Government Shutdown Affecting Air

Passenger transport has started to be affected by the government shutdown, as the lack of paychecks has caused TSA employee absenteeism, and air traffic controllers to file a lawsuit against the government. Air cargo is also starting to see a delay, because the necessary paperwork can’t be filed.

Trucking Market Updates

Maersk to Offer Street Turn Services in the U.S.

Street turns are already well known in the U.S., but Avantida has announced that Maersk has started to offer street turn services on their platform in the U.S. and Canada. With this automated request process, companies are freed from manually requesting and processing street turns. The digital process is more efficient and will help encourage the reduction of CO2 emissions.

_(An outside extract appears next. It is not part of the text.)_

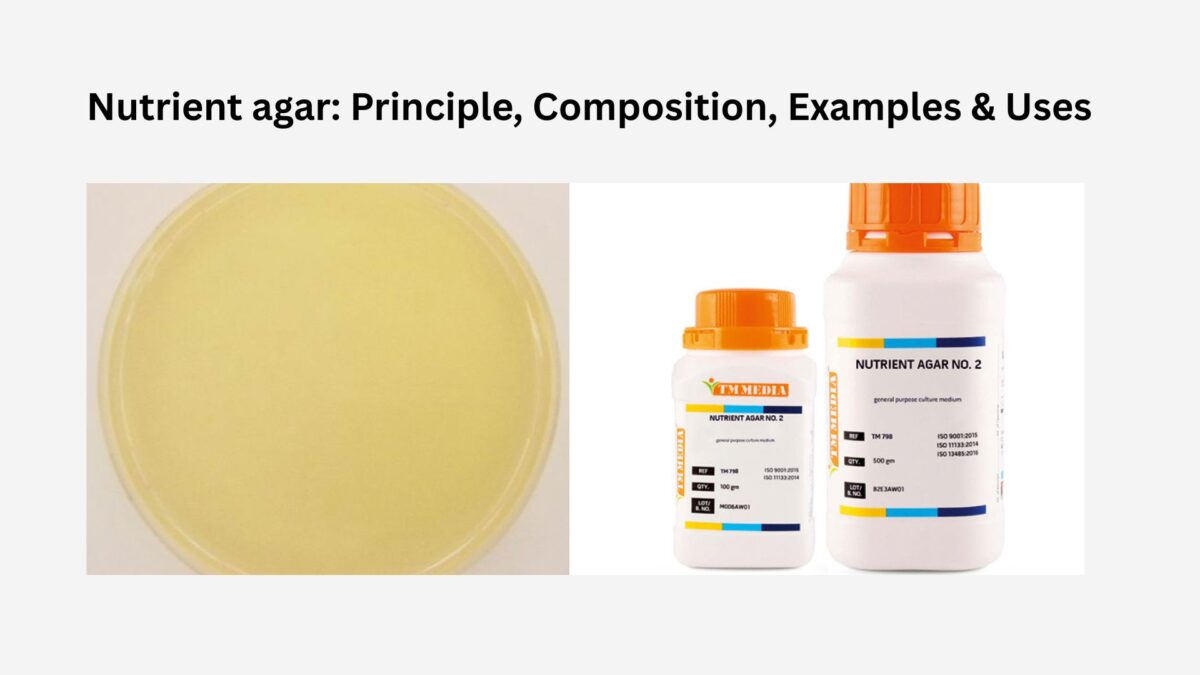 Nutrient agar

Also in street turn news this week, however, is the defense of the high charges carriers are charging, which shippers have called “insane.” These fees are ranging between $30 and $75 a container.

U.S. Government Shutdown Could Cause Border Delays

If the government shutdown continues, we could see trucking delays at U.S. borders, similar to those we’re seeing at airports. Transportation Security Administration (TSA) has had to shut down some security lanes due to absenteeism, and we may see that happen at border crossings. Government agencies are responsible for customs clearance and with no end to the longest U.S. government shutdown on record in sight, trucks at borders may start to be delayed.

Amazon Advising UK Sellers to Prepare for Brexit

Amazon is advising its FBA sellers to stock up with at least four weeks worth of inventory in case the UK leaves the EU in March without a trade deal in place. Delays in trucking and customs clearance are expected in the event of a no-deal Brexit, and the resulting longer shipping times may make UK products less competitive.

LA and NY Trucking Experiencing Congestion

We’re seeing extreme congestion at Los Angeles/Long Beach and New York ports, as a result of the influx of import volume in advance of the tariff hikes, peak season, and Chinese New Year preparations. The large import volume is causing a chassis shortage and long pickup times, so you may experience some shipment delays in the next few weeks. New York’s Newark terminal is particularly crowded, and because NY terminals are not open after hours or on weekends (unlike LA/LB), we expect the NY backlog to take longer to clear.

This port congestion is also starting to spread inland, where inland ports are experiencing chassis and trucker shortages and shippers are getting stuck with demurrage charges.

Customs and Trade Updates

New EPA Requirements for Formaldehyde

The EPA will start to enforce new formaldehyde (the chemical used in the manufacturing of composite wood products) emissions standards on March 22, 2019. All imported articles regulated as a composite wood product, or articles that contain any regulated composite wood products, will now need certification to accompany their entry documents. These requirements are essentially the same as the California Air Resource Board (CARB) regulations, and identical to California’s “phase 2” formaldehyde emissions standards.

First Sale Usage and Enforcement on the Rise

Since the tariff implementation, there’s been a large spike in the number of importers who are using first sale valuation rules to lessen the tariffs’ financial impact on their business. During the rush to change their value declarations, many importers have not properly set up their first sale programs or haven’t reviewed the middleman transactions carefully enough. CBP is now targeting importers who use the first sale rules for valuation through audits. They’re focusing on industries that were very low duty, or duty-free goods that are now 10% or more after the tariff implementation.

Importer to Pay $500K for Incorrect Classification

Six Star Wholesale was ordered to pay over $500k in penalties and unpaid duties for misclassifying products subject to anti-dumping duties. They misclassified 27 entries for coat hangers, and 14 entries for bags. The company did not respond to the penalty notices or appear to defend themselves in the Court of International Trade. They were found guilty of not using reasonable care and were ordered to pay $526,684 in missing duties and fines.